Trino Query Time Merge (non-id)

Trino Query Time Merge (non-id)#

Handling Duplicates and Latest Updates with Trino

1. Sample Data#

Let’s assume we have a table sample_data with duplicate records:

CREATE TABLE sample_data (
    id INTEGER,
    first_name VARCHAR,
    last_name VARCHAR,
    timestamp TIMESTAMP
);

INSERT INTO sample_data VALUES 
(1, 'Alice', 'Smith', TIMESTAMP '2024-11-18 10:00:00'),
(2, 'Bob', 'Johnson', TIMESTAMP '2024-11-18 11:00:00'),
(1, 'Alice', 'Smith', TIMESTAMP '2024-11-18 12:00:00'), -- Duplicate with later timestamp
(3, 'Charlie', 'Brown', TIMESTAMP '2024-11-18 09:00:00'),
(2, 'Bob', 'Johnson', TIMESTAMP '2024-11-18 12:00:00');   -- Duplicate with later timestamp

2. Remove Duplicates and Keep the Latest Record#

To remove duplicates and retain the most recent record for each unique combination of id, first_name, and last_name, we use Trino’s window functions.

WITH ranked_data AS (
    SELECT 
        id,
        first_name,
        last_name,
        timestamp,
        ROW_NUMBER() OVER (
            PARTITION BY id, first_name, last_name
            ORDER BY timestamp DESC
        ) AS row_num
    FROM sample_data
)
SELECT id, first_name, last_name, timestamp
FROM ranked_data
WHERE row_num = 1;

Result:

id	first_name	last_name	timestamp
1	Alice	Smith	2024-11-18 12:00:00
2	Bob	Johnson	2024-11-18 12:00:00
3	Charlie	Brown	2024-11-18 09:00:00

3. Handling Composite Keys#

If you need to identify duplicates based on a combination of fields (e.g., first_name and last_name instead of id), you can adjust the PARTITION BY clause accordingly.

For example, to handle duplicates based only on first_name and last_name:

WITH ranked_data AS (
    SELECT 
        first_name,
        last_name,
        timestamp,
        ROW_NUMBER() OVER (
            PARTITION BY first_name, last_name
            ORDER BY timestamp DESC
        ) AS row_num
    FROM sample_data
)
SELECT first_name, last_name, timestamp
FROM ranked_data
WHERE row_num = 1;

This approach is useful when a single identifier (id) is unavailable or if uniqueness is defined by a combination of attributes.

4. Why is the Window Function Required?#

a) Partitioning Data
The PARTITION BY clause groups the data by the specified keys (id, first_name, last_name or other composite fields).

b) Sorting Within Partitions
The ORDER BY timestamp DESC ensures the latest records appear first within each partition.

c) Row Number Assignment
The ROW_NUMBER() function assigns a unique rank to each record in the partition, starting with the most recent record.

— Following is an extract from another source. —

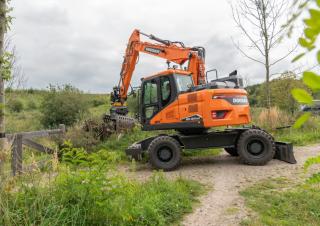 Excavatrice sur pneus Doosan DX165WR-7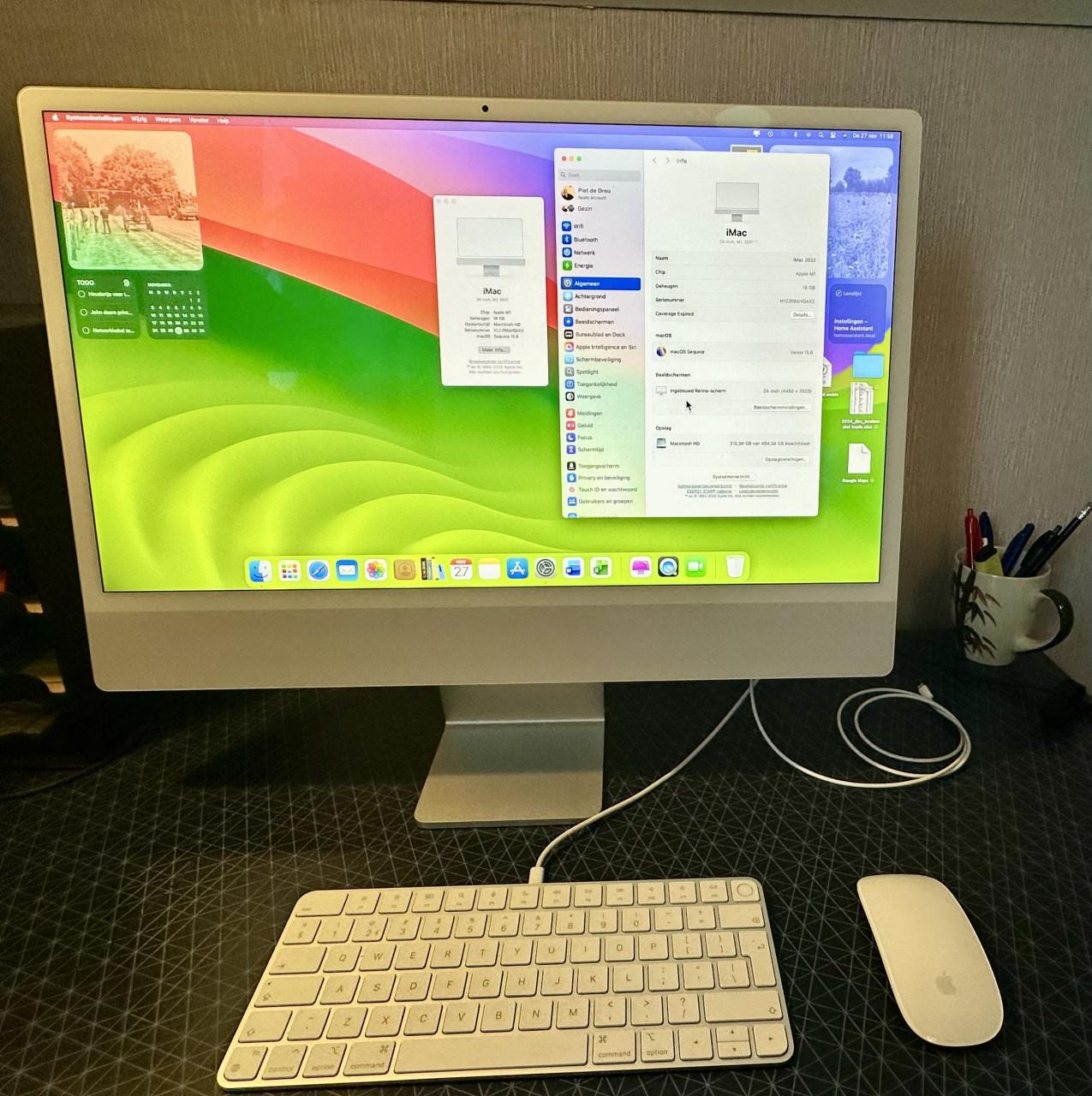 Apple iMac 24" M1. 16GB RAM.  512GB SSD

d) Filtering for the Latest Record
Filtering where row_num = 1 isolates the most recent record for each unique key combination.

5. Optimizing Data Processing with Filters#

To optimize performance, apply filters before using window functions:

Filter by Time Window:

SELECT *
FROM sample_data
WHERE timestamp BETWEEN TIMESTAMP '2024-01-01' AND TIMESTAMP '2024-01-31';

Filter by Specific Entity:

SELECT *
FROM sample_data
WHERE id = 12345;

Conclusion#

In this guide, we demonstrated how to handle duplicates and retain the latest updates using Trino’s window functions. The process involves:

Partitioning data by a unique identifier or composite key (e.g., id, first_name, last_name).
Sorting records by a timestamp to identify the most recent entries.
Using ROW_NUMBER() to filter and keep only the latest record.

This approach is flexible, efficient, and scalable, ensuring that large datasets are processed accurately to maintain only the most up-to-date information.